Version Control in Postman

Hey guys! We’ve been thinking long and hard on one of the most eagerly requested features for Postman, so we decided to go ahead and write an RFC to hear your thoughts on how we could solve your problems around version control. The linked doc also contains some conceptual mocks of how the experience would feel like. As always, feel free to leave your comments in the thread.

We’d also love to hear your thoughts in person, so if you feel you have a specific problem that we aren’t addressing with this RFC, you can schedule a quick call with us using the link below:

https://calendly.com/vineetk/userconvo

8 Likes

Provided I can make changes locally (for testing or just playing around) and not accidentally update the official (public facing) collection that our customers use. It shouldn’t matter in the least that I click Save because maybe I have some changes I want locally but not shared. “Updating” the collection (or even requests in the collection) should be an explicit action.
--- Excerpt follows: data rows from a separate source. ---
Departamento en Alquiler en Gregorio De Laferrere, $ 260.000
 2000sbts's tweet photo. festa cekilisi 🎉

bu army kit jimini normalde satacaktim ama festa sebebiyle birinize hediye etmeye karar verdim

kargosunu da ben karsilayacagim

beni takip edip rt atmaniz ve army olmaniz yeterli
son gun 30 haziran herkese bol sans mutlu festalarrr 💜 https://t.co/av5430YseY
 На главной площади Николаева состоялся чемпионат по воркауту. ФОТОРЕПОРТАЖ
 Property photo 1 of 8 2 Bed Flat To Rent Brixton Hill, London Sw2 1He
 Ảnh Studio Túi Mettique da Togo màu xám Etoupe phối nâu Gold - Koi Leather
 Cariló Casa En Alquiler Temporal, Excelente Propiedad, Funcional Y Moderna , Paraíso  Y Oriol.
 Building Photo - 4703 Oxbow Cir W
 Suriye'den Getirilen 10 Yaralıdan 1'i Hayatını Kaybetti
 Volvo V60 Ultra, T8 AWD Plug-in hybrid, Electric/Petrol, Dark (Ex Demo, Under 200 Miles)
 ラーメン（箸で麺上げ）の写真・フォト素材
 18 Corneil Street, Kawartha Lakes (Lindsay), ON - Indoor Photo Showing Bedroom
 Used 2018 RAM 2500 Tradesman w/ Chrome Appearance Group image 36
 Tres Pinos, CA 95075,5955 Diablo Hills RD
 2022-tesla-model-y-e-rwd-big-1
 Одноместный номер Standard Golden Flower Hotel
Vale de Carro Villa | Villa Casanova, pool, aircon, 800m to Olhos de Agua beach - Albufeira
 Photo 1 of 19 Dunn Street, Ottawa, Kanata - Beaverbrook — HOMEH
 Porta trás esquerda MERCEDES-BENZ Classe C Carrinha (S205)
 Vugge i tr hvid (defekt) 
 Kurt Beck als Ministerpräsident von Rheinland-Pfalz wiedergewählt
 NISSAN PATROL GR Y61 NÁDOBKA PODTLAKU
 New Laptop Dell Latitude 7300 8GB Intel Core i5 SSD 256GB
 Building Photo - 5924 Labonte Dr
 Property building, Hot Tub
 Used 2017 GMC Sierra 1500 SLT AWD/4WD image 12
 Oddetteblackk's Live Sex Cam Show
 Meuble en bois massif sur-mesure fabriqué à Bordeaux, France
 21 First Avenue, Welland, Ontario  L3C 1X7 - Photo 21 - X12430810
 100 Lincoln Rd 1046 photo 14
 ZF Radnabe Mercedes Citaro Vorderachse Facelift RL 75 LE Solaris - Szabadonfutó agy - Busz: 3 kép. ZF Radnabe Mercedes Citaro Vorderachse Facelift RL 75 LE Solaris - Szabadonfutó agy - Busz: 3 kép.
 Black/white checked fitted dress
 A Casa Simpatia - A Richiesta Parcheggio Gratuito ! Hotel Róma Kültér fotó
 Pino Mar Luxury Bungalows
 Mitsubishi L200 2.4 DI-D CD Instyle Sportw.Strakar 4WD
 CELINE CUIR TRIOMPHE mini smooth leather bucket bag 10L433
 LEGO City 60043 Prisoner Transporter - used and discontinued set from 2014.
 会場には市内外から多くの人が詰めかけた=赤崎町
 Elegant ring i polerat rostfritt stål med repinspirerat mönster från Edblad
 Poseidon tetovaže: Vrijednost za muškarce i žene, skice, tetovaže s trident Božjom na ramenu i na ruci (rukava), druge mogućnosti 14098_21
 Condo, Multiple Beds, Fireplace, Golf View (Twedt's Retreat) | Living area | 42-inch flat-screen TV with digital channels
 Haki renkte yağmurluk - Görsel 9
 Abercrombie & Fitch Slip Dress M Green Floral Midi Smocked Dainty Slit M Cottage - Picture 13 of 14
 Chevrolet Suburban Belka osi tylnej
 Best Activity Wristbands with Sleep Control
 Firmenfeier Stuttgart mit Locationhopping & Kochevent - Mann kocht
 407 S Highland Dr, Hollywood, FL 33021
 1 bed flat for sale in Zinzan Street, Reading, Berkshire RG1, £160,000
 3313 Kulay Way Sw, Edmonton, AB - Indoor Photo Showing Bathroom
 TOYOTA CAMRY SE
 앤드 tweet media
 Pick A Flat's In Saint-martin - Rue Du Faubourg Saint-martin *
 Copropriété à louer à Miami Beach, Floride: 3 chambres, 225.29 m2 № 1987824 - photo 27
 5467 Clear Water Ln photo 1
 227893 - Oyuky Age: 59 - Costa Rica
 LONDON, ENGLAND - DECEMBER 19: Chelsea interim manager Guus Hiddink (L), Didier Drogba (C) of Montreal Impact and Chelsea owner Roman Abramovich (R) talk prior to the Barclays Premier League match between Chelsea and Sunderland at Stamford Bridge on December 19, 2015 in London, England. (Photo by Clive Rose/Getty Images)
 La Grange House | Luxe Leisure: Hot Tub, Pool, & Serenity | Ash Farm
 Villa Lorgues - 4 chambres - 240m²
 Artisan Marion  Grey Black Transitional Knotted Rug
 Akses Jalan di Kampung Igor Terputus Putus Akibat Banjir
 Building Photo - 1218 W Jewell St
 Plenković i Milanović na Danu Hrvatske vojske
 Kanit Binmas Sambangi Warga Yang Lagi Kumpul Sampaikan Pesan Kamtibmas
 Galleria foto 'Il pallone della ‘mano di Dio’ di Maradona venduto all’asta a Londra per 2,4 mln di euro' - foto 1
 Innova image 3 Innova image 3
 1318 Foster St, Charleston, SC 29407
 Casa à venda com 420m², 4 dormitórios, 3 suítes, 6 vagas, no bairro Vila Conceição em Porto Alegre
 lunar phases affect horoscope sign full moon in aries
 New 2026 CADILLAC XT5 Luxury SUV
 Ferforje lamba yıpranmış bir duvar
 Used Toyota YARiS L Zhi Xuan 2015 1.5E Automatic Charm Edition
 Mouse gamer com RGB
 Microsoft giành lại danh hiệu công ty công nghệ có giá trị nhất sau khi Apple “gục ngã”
It would also be nice to see changes others have made so a merge tool would be a nice to have but not required. I don’t know that I’d really ever make a change to a public collection and not want all the changes to go so a simple file diff would be sufficient for me.

Integrating with our source control system would be a plus because we could version the collection with our source and then update the collection (via an API call) either at build time or release time. That would be the best of both worlds. Then I don’t really need versioning in Postman at all.

3 Likes

I think I’m with Kirk in most of his comments. This seems like a complex way to duplicate a lot of capability that already exists in other tools we are using. I’d be much happier if minor changes to a collection did not cause the resulting collection export file to drastically change (re-order, changes to internal IDs, etc.). It seems cleaning up the collection import/export process would be significantly easier and better address the customer needs.

1 Like

In an ideal world, postman version control would integrate into the workflow of our code VCS. We mainly use postman for internal development and automated testing and we have the need to maintain multiple versions of the collections for multiple versions of our services and we need a way to keep this in sync so if I create a branch in git for a change, I can also easily branch my collection to make the associated changes in isolation. I think a way of allowing the source of collections etc to be specified in all your tooling and APIs would allow more natural integration with a whole host of other tools

2 Likes

Could not agree more! I would also prefer that the whole concept of import/export just went away. When I open code files in IntelliJ I don’t have to “import” them, and I don’t have “export” them to write changes to disk. I’d rather see the idea of a Postman project be more like opening a Word doc, where each project gets it own window, and changes to collections therein are autosaved.

3 Likes

Hey All! The wait is over.

Forking + Merging: A Conflict Resolution Solution now in Postman 6.7
Here’s a link to the detailed blog post- https://blog.getpostman.com/2019/01/16/forking-merging-a-conflict-resolution-solution/

Sorry, but that is not what most people need. From the looks of it, you’ve implemented version control in the application… that is exactly the wrong way to do this.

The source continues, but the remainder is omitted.